← Back to context

Comment by loeg

4 years ago

> 203 is enough to make almost every line of code questionable. The result of this is that looking at a simple 3 line C program and being asked whether the program terminates is undecidable without knowing which compiler was used.

This is hyperbole to the point of being nonsensical.

> Null dereference for example is undefined behavior, and could cause a termination or not, depending on the implementation, even if it is known to be standards conforming to C11.

This sentence doesn't make any sense. If your C code has UB, it is wrong. The behavior of particular environments around certain UB is irrelevant to standards-conforming code, because standards-conforming code doesn't have UB.

> This is hyperbole to the point of being nonsensical.

I think you can only say this if you've never had aggressive compiler optimizations introduce security issues into perfectly reasonable-looking code.

Quiz, what's wrong with the following code?

    int buflen, untrusted;
    char buf[MAX];

    /* `untrusted` comes from an untrusted source */

    if (buflen + untrusted > MAX) {
        return -EINVAL;
    }

The answer of course is that integer overflow is undefined; so if buflen + untrusted is greater than INT_MAX, the compiler is allowed to do absolutely anything it wants; and making sure it's only allowed to do something sensible turns out to be extremely difficult.

EDIT For instance, in an earlier age, people might have done something like this:

    if (buflen + untrusted > MAX || buflen + untrusted < buflen)

But the second clause relies on overflow. The compiler is perfectly justified in saying, "Well, overflow is UB anyway, so if it happens, I'm allowed to not do anything; so I'll just make this code more efficient by removing that check entirely."

> If your C code has UB, it is wrong.

This goes against the sheer notion of UB. If some code was wrong, the standard would say it is not allowed and it would result in a compile error, or at least a runtime error. As it is, the language standards choose to leave it open almost as if to concede that the standard can’t cover every base. UB isn’t wrong, almost by definition. It’s just implementation specific, and that’s my point. We don’t have an overarching C language, we have a hundred or so C dialects.

  • One problem here is that correct code relies on valid inputs in order to avoid UB -- Undefined behaviour is a runtime property of a running program, rather than (necessarily) a static property of an isolated unit of code.

    In this way, UB is essentially the converse of Rust's `unsafe` -- we must assume that our caller won't pass in values that would trigger undefined behaviour, and we don't necessarily have the local context to be able to tell at runtime whether our behaviour is well-defined or not.

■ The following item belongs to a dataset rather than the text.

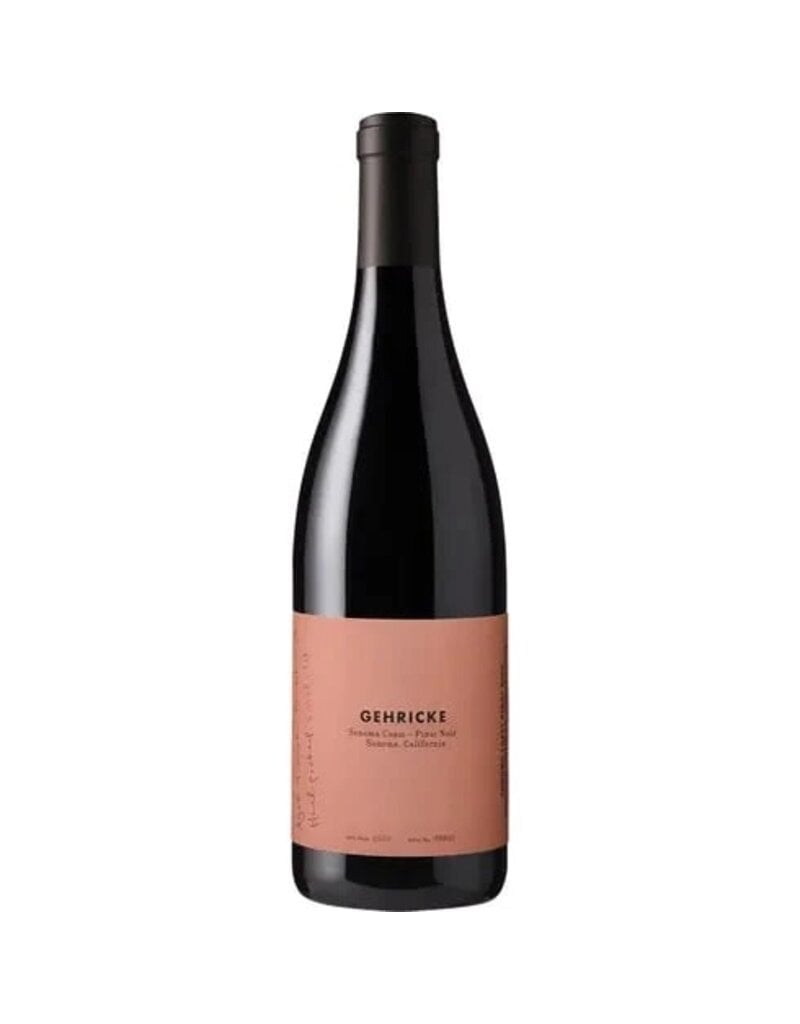 Petite Sirah Gehricke Petite Sirah Sonoma Valley 2024 750ml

    There definitely are instances where local checks can avoid UB, but it's also perfectly possible to write a correct program where a change in one module causes UB to manifest via different module -- use after free is a classic here. So we can have two modules which in isolation couldn't be said to have any bugs, but which still exhibit UB when they interact with each other.

    And that's before we start getting into the processing of untrusted input.

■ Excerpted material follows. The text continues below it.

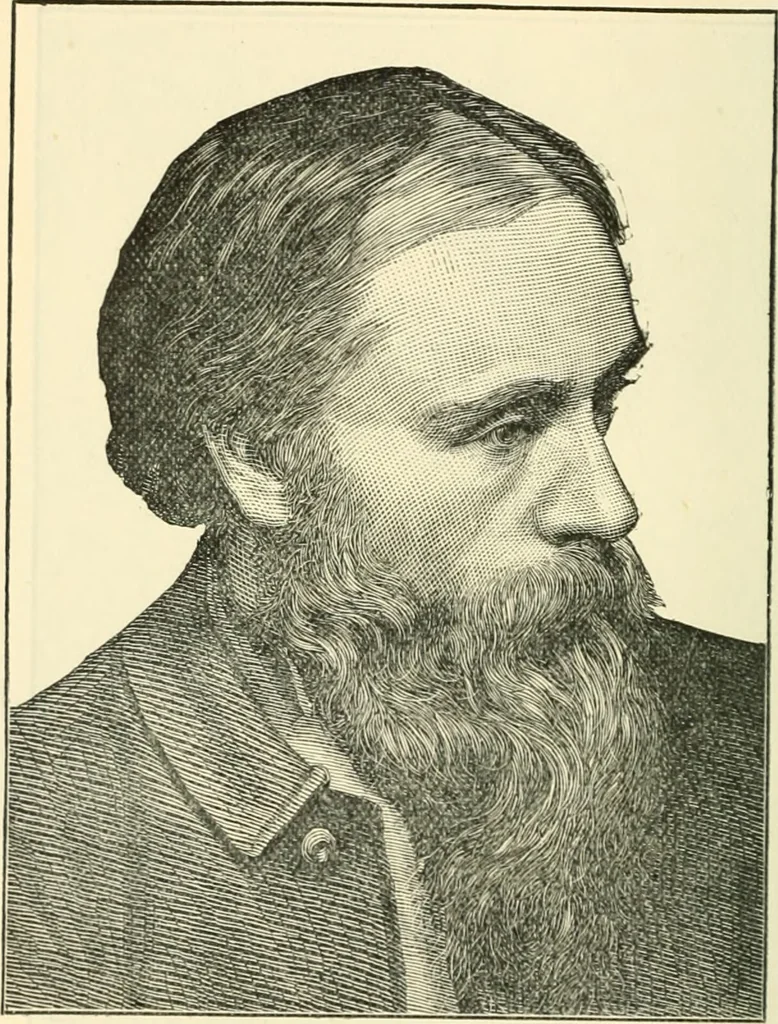An illustration from Phrenology proved, illustrated, and applied : embracing an analysis of the primary mental powers in their various degrees of developments, the phenomena produced by their combined activity, and the location of the phrenological organs in the head : together with a view of the moral and anatomical objections to the science / by O. S. and L. N. Fowler., 1892, leaf 230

    A C compiler -- and especially the optimiser -- assumes[1] that the conditions for provoking UB won't occur, while the Rust compiler (activate RESF[0]) mostly has defined behaviour that's either the same as common C compilers would give for a local UB case[2] in practice or have enough available context to prove that the UB case genuinely doesn't happen.

    [0] https://enet4.github.io/rust-tropes/rust-evangelism-strike-f...

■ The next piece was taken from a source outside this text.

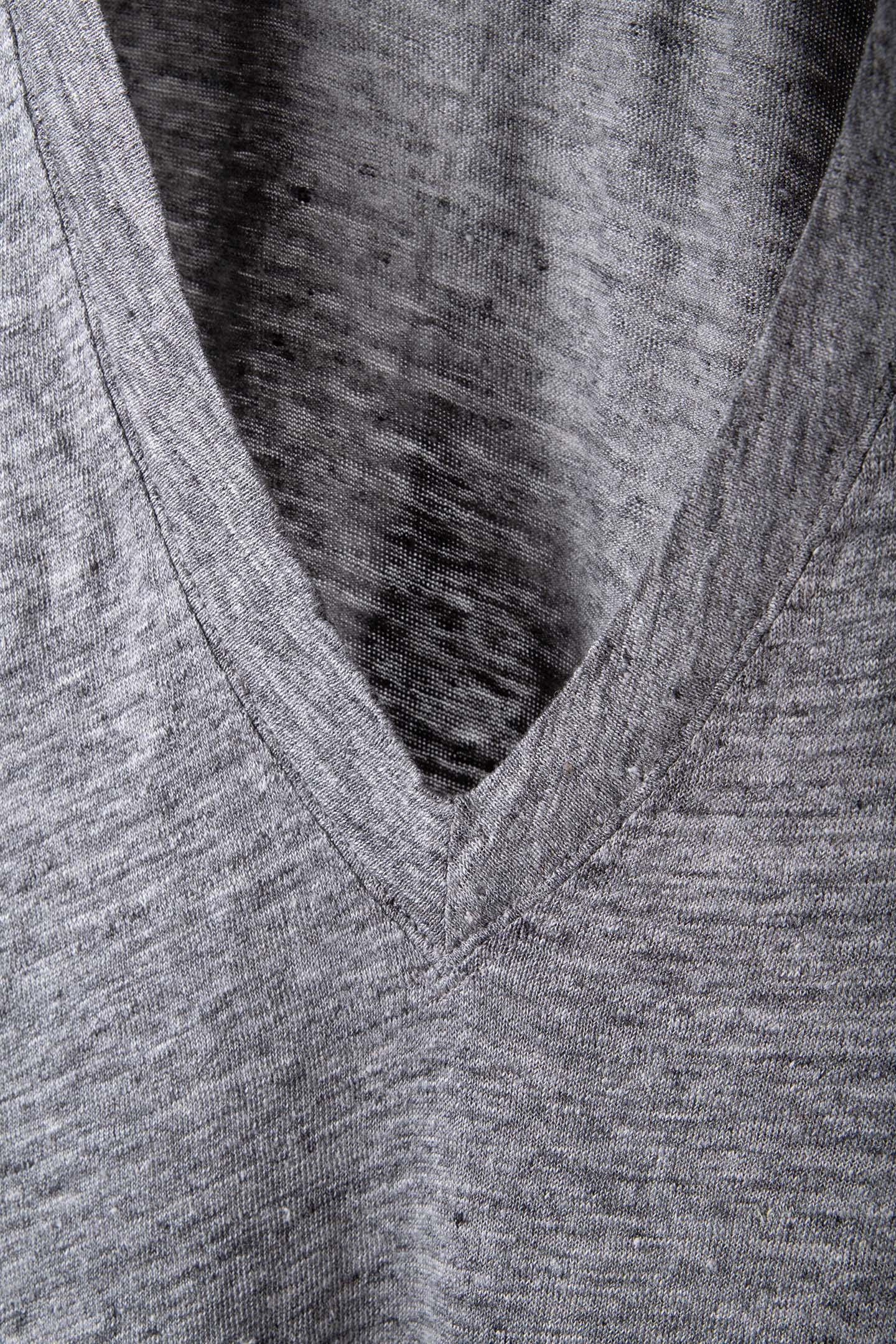 RODEOC T-SHIRT LIGHT GREY 4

    [1] Proof by appeal to authority: I was a compiler engineer, back in the day.

    [2] Signed integer wrap-around is the classic here: C assumes it can't happen, Rust assumes it might but is much less likely to encounter code where there's a question about it happening.

  • I always though that code with UB is wrong, and UB allows implementation to deal with it on its own way (it is allowed to ignore it, stop program, corrupt memory, delete hard drive contents...).

    So if your code has UB then it is wrong, one thing not specified in standard is exact consequences of that.

    (yes, in some hacks one may rely on UB behaving in some way in some circumstances - it will be hack)

    • Suppose it is wrong, though; that implies a good chunk of C code out there is wrong code. Yet it compiles and people are using it, which means that their code does not conform to the standard. Just as wrong math isn’t math at all, wrong C is not C. People are therefore writing code whose runtime characteristics are not defined by any standard. Thus it is not actually C, it’s whatever compiler they’re using’s language.

      2 replies →

  • There's "implementation-defined" behavior, and then there is "undefined behavior". I think you're conflating the two.

  • I still think undefined behavior is the wrong choice here. It should have been implementation-defined, like what happens if you bit shift a negative integer to the right. They could pick two's complement or trap on overflow or whatever is most convenient on their platform, but not just assume it will never happen.